Red Light, a new cocktail and dessert bar whose name winks to 14th Street NW’s past reputation for prostitution, is set to open April 10. But owner Aaron Gordon wants to make something clear: “It’s by no means an homage. No one’s proud of the fact that we had a city of streetwalkers in this area.”
Given D.C.’s transient nature, he says recent transplants aren’t always aware of what the neighborhood was like before Whole Foods and Le Diplomate. “I bet you half of the new diners on 14th Street—probably more, 75 percent—were not here when it was a red-light district,” says Gordon, a D.C. native. “So it’s sort of a fun dirty little secret to tell each other…It’s a story people like to tell each other.”
Gordon says the name is not just a nod to 14th Street, but also “an homage to burlesque. It’s more of an homage to Moulin Rouge, even in its hey day to Amsterdam.”
Plus, red is his favorite color. (Gordon also owns Red Velvet Cupcakery.)
Thankfully, the restaurant’s decor is light on the red-light theme—to the point where you might not even notice it. The only overt nod is the silhouette of a woman in a corset in the mirror. “The last thing you want is pictures of smoking hot prostitutes looking at you,” says designer Maggie O’Neill of SwatchRoom. A concrete bar, where you’ll be able to watch desserts constructed, dominates the gray-walled room, which has accents of reclaimed wood and chandeliers made of car parts. Black and white images of 14th Street show street signs reading “Look out for street cars turning on this red light.” Coming soon: a “fainting couch.”
The look is night and day from Bar di Bari, Gordon’s “European-style” cafe which previously occupied the space. Gordon calls Bar di Bari “an ill-defined concept.” He says the restaurant tried to be too many things and struggled to bring in evening business when the cold weather forced the patio to close. “Truth be told 14th Street is the most spectacular part of D.C. and you’re going up against a lot of wonderful concepts, places that do things really well…You have to be great. You can’t just be good.”
He hopes Red Light will be great—and different. There are, after all, no other cocktail/dessert bars on 14th Street, and Gordon’s goal is to complement, rather than compete with, other restaurants along the corridor. “It’s nice to stroll around and have a second place to go for an after dinner drink or a dessert,” he says. “This has become D.C.’s strolling street.”
Gordon also sees Red Light as an answer to the supposed Dark Age of Dessert, in which dedicated pastry chefs are a rarity and dessert is rarely as good as what proceeds it. “Even if [restaurants] have a pastry chef, that pastry chef is treated like the red-headed step-child stuck in the back of the kitchen in the dungeons,” Gordon says. “D.C.’s got one of the hottest food scenes in the country, maybe the world, right now. We’ve come a long way in the past years. But the one thing that’s been somewhat neglected is the desserts.”

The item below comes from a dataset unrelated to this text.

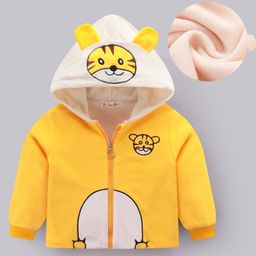 Kookie Kids Full Sleeves Front Open Hooded Jacket With Tiger Print & Ears Applique - Yellow-image-76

And Red Light certainly has some talent in the kitchen and behind the bar: Chef Robert Underwood, an alum of Komi and Marcel’s, oversees the dessert menu, while brothers and local bar stars Ari and Micah Wilder are doing the cocktails.
The dessert menu includes pale ale beignets with stout-chocolate filling as well as a Mexican chocolate tart with cajeta gelato and marshmallow fluff. Other desserts—like a rum and coconut tres leches cake—are so boozy that you’ll be carded if you order them. This probably isn’t the place to come if you’re craving something savory, but there is a cheese fondue for two as well bar bites like tasso-cheddar straws and various flavors of popcorn.
The “burlesque cocktails”—all $11—include several 1940s-era drinks that aren’t often made well but can be, like a play on the Shirley Temple (with booze). Among the more intriguing cocktail options are “Riverstone slushies” made with stone fruit and actual river stones. (The Wilders buy a chalky power that comes from stones to give the drinks extra minerality—”like when you’re talking about minerality in wine,” Michah Wilder explains.) The brothers have brought in a large contraption called a SnoWizard. The fruits and their nectars are frozen into a big block which is inserted in the machine. A few cranks turns out sno-cone-like shaved ice, which they’ll pour cocktails over. The SnoWizard will make its home on the outdoor patio’s bar, which will be covered in huge umbrellas and heated year-round.
“We literally will be the only bar on 14th Street out on the patio that serves drinks,” Micah Wilder says.
And that’s about as different from D.C.’s former red light district as you can get.